Search code examples
splunksplunk-query

How to label a cluster based on the first Message in splunk


I am trying to achieve below functionality

Generate a timechart showing the number of different errors occurring in a server

This I can achieve using below query

  index = "my_host" LogLevel=ERROR
  | eval Message=mvindex(field1,1) 
  | timechart count(LogLevel) BY Message

This generates a graph like below

Query Without Cluster

Which is working as expected, now the issue is when I try to cluster the message

index = "my_host" LogLevel=ERROR
  | eval Message=mvindex(field1,1) 
  | eval Message=mvindex(field1,1) | cluster t=0.2 field=Message showcount=true labelonly=true | timechart count(LogLevel) BY cluster_label

Query with cluster

The graph is exactly as expected, my challenge is now how to label as label [1, 2, 3, 4, ...] isnt user friendly

Is it possible to change this label to the Message field but still group by cluster_label?


Solution

  • You'll need to correlate the Message field to the cluster_label field and then use the new field in the timechart command.
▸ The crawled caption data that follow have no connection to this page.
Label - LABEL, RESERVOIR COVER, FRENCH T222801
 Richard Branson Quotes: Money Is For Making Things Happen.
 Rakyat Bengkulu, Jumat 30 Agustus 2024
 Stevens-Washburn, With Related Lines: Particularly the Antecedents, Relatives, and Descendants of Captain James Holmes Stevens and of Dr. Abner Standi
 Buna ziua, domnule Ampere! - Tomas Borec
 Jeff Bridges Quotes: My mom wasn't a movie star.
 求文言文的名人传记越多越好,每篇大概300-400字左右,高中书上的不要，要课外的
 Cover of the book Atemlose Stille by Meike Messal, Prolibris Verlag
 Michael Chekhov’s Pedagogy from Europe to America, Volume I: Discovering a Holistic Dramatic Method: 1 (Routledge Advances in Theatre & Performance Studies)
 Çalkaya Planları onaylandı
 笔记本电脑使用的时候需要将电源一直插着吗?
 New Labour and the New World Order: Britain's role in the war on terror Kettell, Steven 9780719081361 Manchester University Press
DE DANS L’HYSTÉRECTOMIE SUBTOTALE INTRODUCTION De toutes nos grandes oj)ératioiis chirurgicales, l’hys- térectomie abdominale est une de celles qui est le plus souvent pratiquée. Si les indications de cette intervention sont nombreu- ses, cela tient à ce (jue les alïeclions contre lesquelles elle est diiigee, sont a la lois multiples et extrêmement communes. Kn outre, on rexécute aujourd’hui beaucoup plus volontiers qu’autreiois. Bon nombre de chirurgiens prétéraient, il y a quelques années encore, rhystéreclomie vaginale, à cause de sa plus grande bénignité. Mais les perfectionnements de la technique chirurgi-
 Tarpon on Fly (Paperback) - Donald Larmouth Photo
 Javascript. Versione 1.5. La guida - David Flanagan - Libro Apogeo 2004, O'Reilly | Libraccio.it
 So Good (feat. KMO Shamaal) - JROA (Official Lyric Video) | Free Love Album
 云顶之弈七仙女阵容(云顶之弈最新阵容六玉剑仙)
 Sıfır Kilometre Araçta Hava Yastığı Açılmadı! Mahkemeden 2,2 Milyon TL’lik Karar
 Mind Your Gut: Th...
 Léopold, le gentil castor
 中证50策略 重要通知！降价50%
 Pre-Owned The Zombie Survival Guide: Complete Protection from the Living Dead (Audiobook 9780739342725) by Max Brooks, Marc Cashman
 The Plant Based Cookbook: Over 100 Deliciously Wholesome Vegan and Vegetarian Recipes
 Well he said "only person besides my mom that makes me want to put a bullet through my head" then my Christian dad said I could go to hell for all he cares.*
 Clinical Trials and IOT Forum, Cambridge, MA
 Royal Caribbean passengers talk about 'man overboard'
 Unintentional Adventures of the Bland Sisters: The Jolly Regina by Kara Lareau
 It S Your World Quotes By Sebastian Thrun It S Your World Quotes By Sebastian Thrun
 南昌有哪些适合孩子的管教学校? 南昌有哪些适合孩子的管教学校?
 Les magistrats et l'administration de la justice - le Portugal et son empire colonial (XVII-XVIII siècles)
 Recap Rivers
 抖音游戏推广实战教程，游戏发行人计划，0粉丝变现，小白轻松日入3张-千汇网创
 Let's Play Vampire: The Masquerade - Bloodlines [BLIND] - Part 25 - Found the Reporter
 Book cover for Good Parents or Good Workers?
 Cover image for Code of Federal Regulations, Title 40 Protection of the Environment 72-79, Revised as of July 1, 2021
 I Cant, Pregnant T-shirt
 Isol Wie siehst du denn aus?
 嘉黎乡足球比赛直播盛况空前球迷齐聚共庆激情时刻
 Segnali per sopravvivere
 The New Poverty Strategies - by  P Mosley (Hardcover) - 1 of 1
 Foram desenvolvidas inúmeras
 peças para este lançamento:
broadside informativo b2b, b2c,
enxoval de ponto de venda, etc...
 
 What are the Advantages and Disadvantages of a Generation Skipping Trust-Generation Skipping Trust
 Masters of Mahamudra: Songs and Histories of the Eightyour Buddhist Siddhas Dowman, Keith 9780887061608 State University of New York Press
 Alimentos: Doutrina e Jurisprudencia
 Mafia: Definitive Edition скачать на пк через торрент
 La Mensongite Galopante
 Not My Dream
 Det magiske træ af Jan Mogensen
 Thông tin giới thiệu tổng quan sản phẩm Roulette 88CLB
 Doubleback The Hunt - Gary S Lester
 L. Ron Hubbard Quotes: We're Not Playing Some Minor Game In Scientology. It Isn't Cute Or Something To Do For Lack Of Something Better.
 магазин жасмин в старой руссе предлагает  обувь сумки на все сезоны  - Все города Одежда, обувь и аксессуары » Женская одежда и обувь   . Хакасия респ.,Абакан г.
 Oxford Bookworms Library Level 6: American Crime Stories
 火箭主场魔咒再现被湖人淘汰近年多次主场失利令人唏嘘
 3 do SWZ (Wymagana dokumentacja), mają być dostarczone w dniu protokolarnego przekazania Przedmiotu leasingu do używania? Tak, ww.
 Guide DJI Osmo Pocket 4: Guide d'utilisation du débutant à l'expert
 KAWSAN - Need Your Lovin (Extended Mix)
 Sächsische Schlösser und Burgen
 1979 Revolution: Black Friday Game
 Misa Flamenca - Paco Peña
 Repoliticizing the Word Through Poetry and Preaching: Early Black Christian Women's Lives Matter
I was able to do it this like this:

    index = "my_host" LogLevel=ERROR
    | eval Message=mvindex(field1,1) 
    | eval Message=mvindex(field1,1) 
    | cluster t=0.2 field=Message showcount=true labelonly=true 
    | bin span=30m _time
    | stats count, first(Message) as CL by cluster_label, _time
    | timechart max(count) BY CL
    

    The stats command is needed to get the first Message for each cluster_label and bin is needed to group events by _time so timechart will work properly. Choose the span in the bin command to match your time window. One detriment of this method is the timechart command cannot automatically select a span since that was done by bin.